**Directions:** The records that follow are to be copied word for word. Pictures should be omitted.

**Dataset content:**
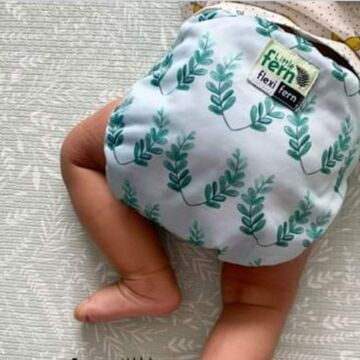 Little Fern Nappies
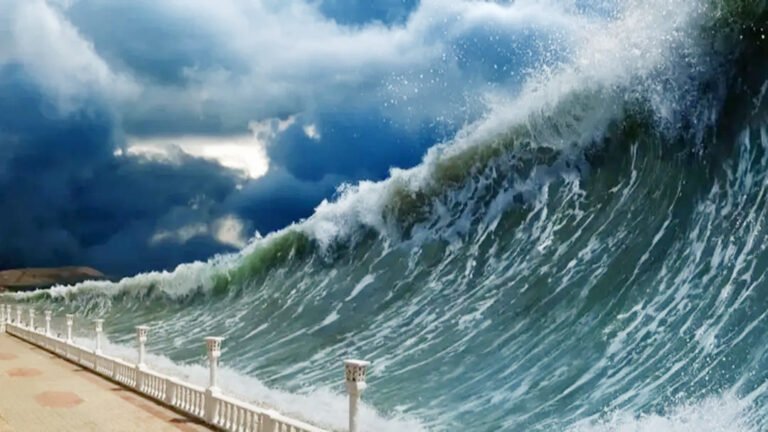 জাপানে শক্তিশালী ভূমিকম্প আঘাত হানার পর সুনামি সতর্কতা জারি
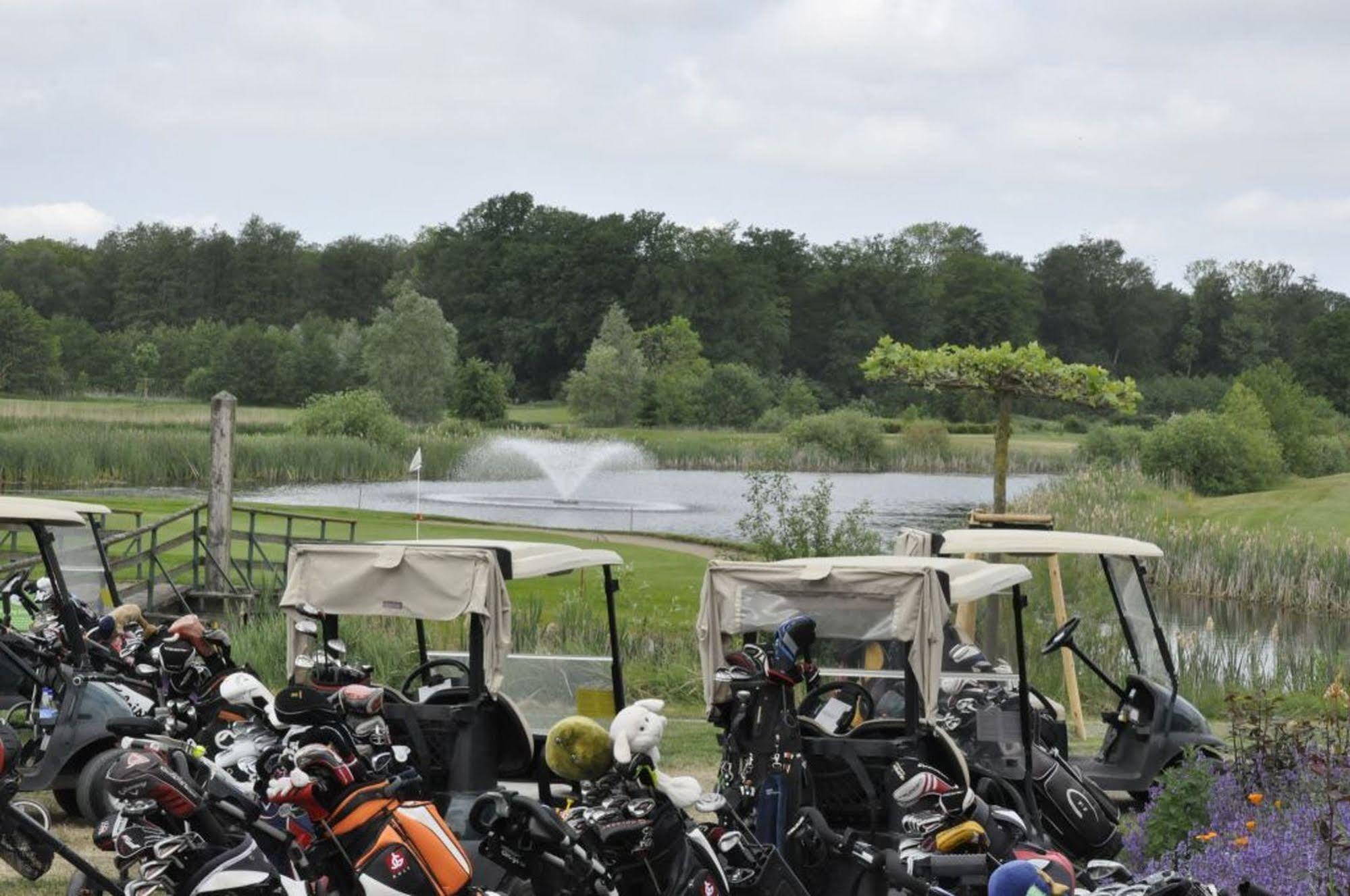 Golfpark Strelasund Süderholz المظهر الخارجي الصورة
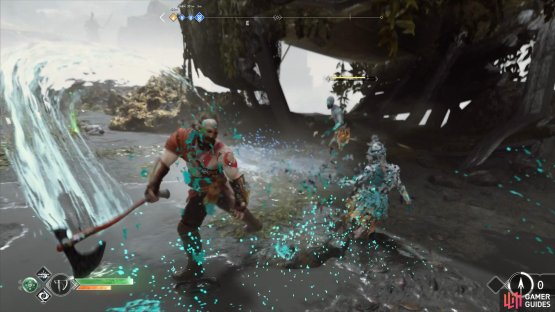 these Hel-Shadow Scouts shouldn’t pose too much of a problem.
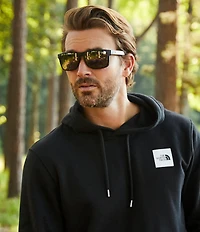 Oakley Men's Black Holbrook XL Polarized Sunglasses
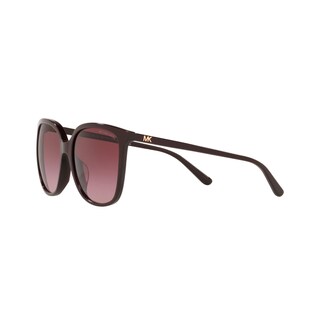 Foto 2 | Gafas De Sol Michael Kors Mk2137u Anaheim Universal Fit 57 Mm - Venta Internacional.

**Result for this task:**
 Little Fern Nappies
 জাপানে শক্তিশালী ভূমিকম্প আঘাত হানার পর সুনামি সতর্কতা জারি
 Golfpark Strelasund Süderholz المظهر الخارجي الصورة
 these Hel-Shadow Scouts shouldn’t pose too much of a problem.
 Oakley Men's Black Holbrook XL Polarized Sunglasses
 Foto 2 | Gafas De Sol Michael Kors Mk2137u Anaheim Universal Fit 57 Mm - Venta Internacional.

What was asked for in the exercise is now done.